Saturday, April 03, 2010

I just finished The World According to Bertie by Alexander McCall Smith, the 4th book in the 44 Scotland Street series.

No major changes to the series - some of the characters come, and others go.  It's as enjoyable as the rest, although the fates of Mathew and Pat seem to undermine what happened in the previous book in an odd way.

Thursday, April 01, 2010

I just finished Crime Stories and Other Writings by Dashiell Hammett.

I've read Hammett's novels before, and enjoyed most of them (The Maltese Falcon and The Thin Man being the exceptions), but never his short stories.  Hammett was known for being the best of the hard boiled/private eye school of writing that overthrew the "drawing room" style mysteries featuring the rich (in America) or upper class (in the UK) characters in mostly intellectual exercises and brought the "mysteries" back to being about crime and criminals.  But for all that, these stories have a remarkably similar feel to the Doyle's Sherlock Holmes stories written in the previous century.  As they went on, the violence became more prominent and graphic, and they substitute the nameless Continental Op's (Hammett's detective of choice) knowledge of human motives and criminal habits for Holmes' minutiae based deductions, but the basic form and feel are there.

Quite enjoyable, though difficult to read one after the other.  They start to feel repetitive and overly familiar.  Best read in multiple sittings.

Monday, March 29, 2010

Last night, we went to see Mahealani Uchiyama with the Ka Ua Tuahine Polynesian Dance Company at Ashkenaz.
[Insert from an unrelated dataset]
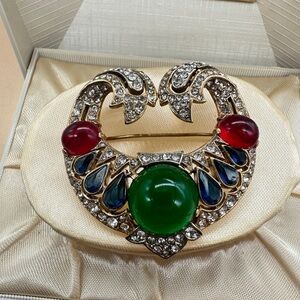 Trifari Jewels of India Moghul Brooch Vintage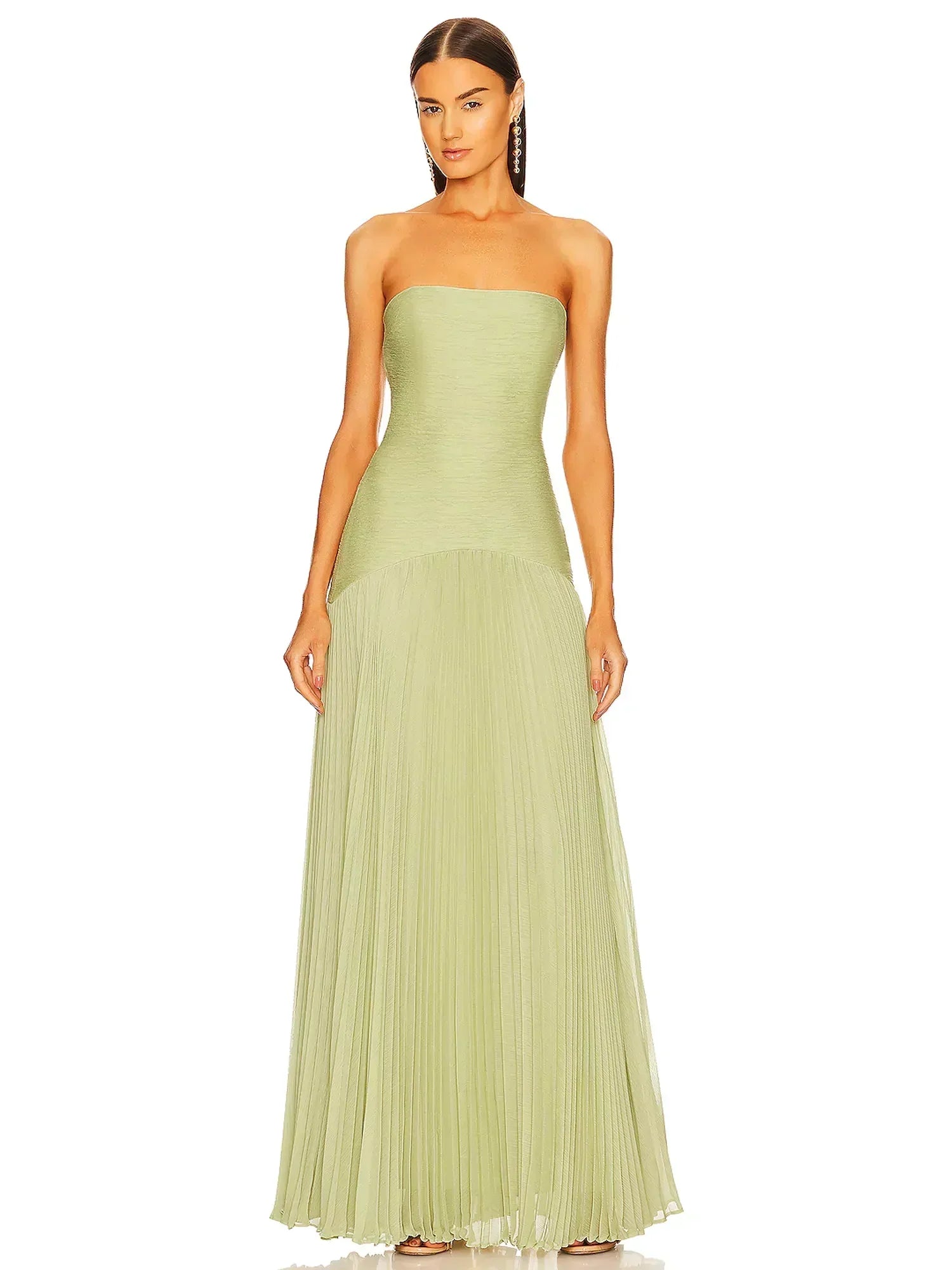 Eleanor | Women's Strapless Pleated Maxi Wedding Guest Dress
It was a really interesting show.  The music was a mix of Hawaiian/Polynesian/Jazz/Blues/World music and about 50% of the songs were accompanied by the dancers, who did these amazing, complicated dances.
Yesterday I finished Destroyer of Worlds by Larry Niven and Edward M. Lerner.

This is the third book in a series started with Fleet of Worlds and continuing with Juggler of Worlds, novels set in Niven's Known Space universe. 

I enjoyed the first two books in the series, but had problems with both.  The first one wasn't as engaging as it could have been, and messed with previous Known Space events in a bad way, and the second book continued that trend much too much.

Luckily, it feels like Lerner and Niven are finally hitting their stride with this series.  First, it has only minimal references to previous stories/characters.  Second, when it does mention them, it doesn't undermine them, or change them.  Instead it just uses them as a base for new ideas.  Third, the story itself is much more compelling than the previous two. 

I really enjoyed this book, and want to see where the story goes from here.